Com o final de 2023 se aproximando, muitas pessoas já começam a pensar nas metas e resoluções para o próximo ano. E com a Petrobras (PETR4) não foi diferente, mas a janela de tempo é maior: em meio a rumores de pressão do governo e uma potencial troca de comando, a estatal acaba de divulgar o plano estratégico para o quinquênio 2024-2028.
Segundo o documento, enviado à Comissão de Valores Mobiliários (CVM) nesta quinta-feira (23), a companhia pretende investir US$ 102 bilhões (cerca de R$ 499 bilhões na cotação atual) nos próximos cinco anos. A cifra é 31% maior que a do plano anterior.

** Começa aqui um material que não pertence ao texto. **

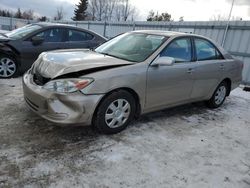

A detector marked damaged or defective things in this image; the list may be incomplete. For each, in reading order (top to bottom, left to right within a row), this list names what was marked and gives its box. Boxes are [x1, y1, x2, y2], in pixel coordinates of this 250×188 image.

crumpled hood [33, 49, 135, 78]
damaged front bumper [22, 72, 103, 125]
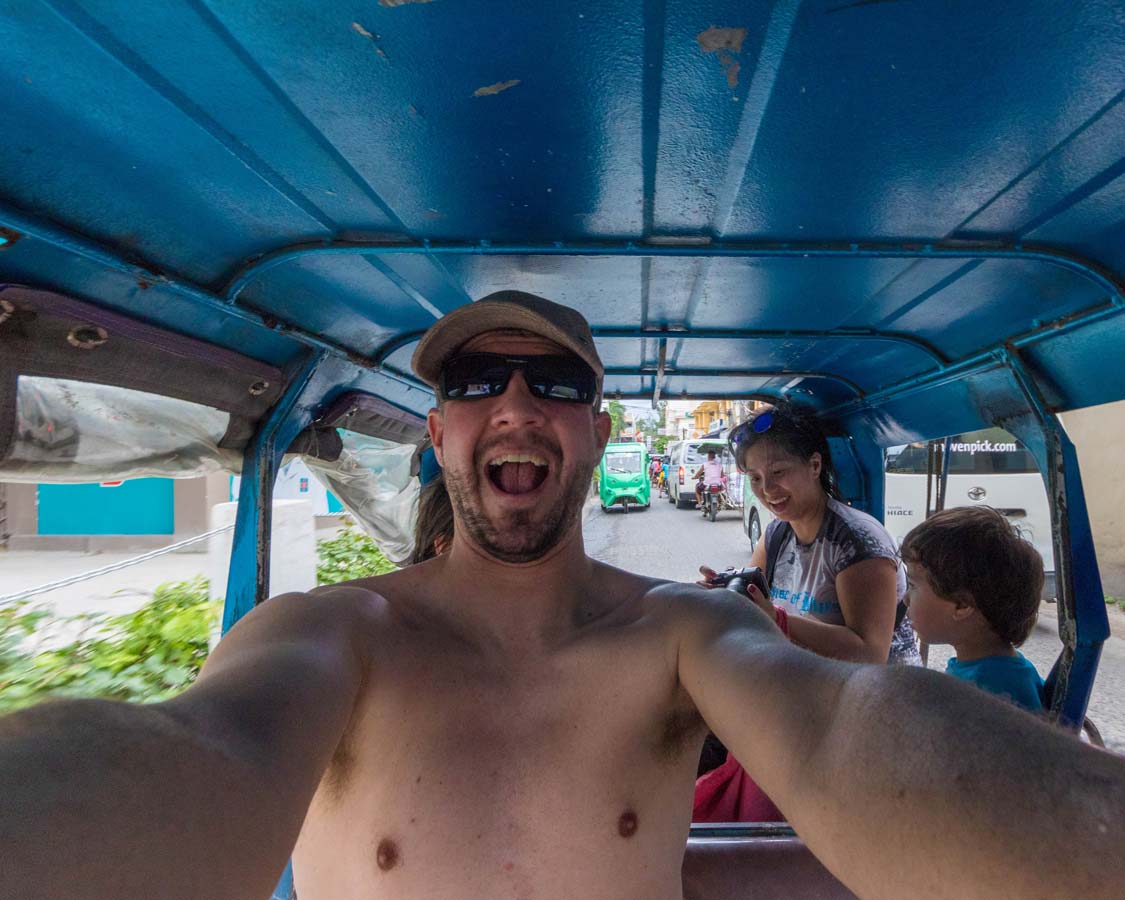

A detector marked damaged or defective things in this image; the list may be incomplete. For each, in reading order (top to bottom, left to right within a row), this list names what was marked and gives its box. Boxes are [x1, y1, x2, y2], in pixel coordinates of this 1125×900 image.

"O aumento do capex está associado principalmente a novos projetos, incluindo potenciais aquisições; a ativos que estavam em desinvestimentos e voltaram para a carteira de investimentos da companhia; e à inflação de custos, que impactou toda a cadeia de suprimentos", explica o comunicado.
Do total, US$ 91 bilhões devem ir para projetos em implantação. Outros US$ 11 bilhões serão destinados à carteira de iniciativas e avaliação.
Ainda segundo o documento, os investimentos visam a "preparar a Petrobras para o futuro e fortalecer a companhia, iniciando um processo de integração de fontes energéticas essencial para uma transição energética justa e responsável".
Apesar disso, o segmento de gás e energias de baixo carbono tem o segundo menor volume de investimentos previstos, atrás apenas do setor corporativo.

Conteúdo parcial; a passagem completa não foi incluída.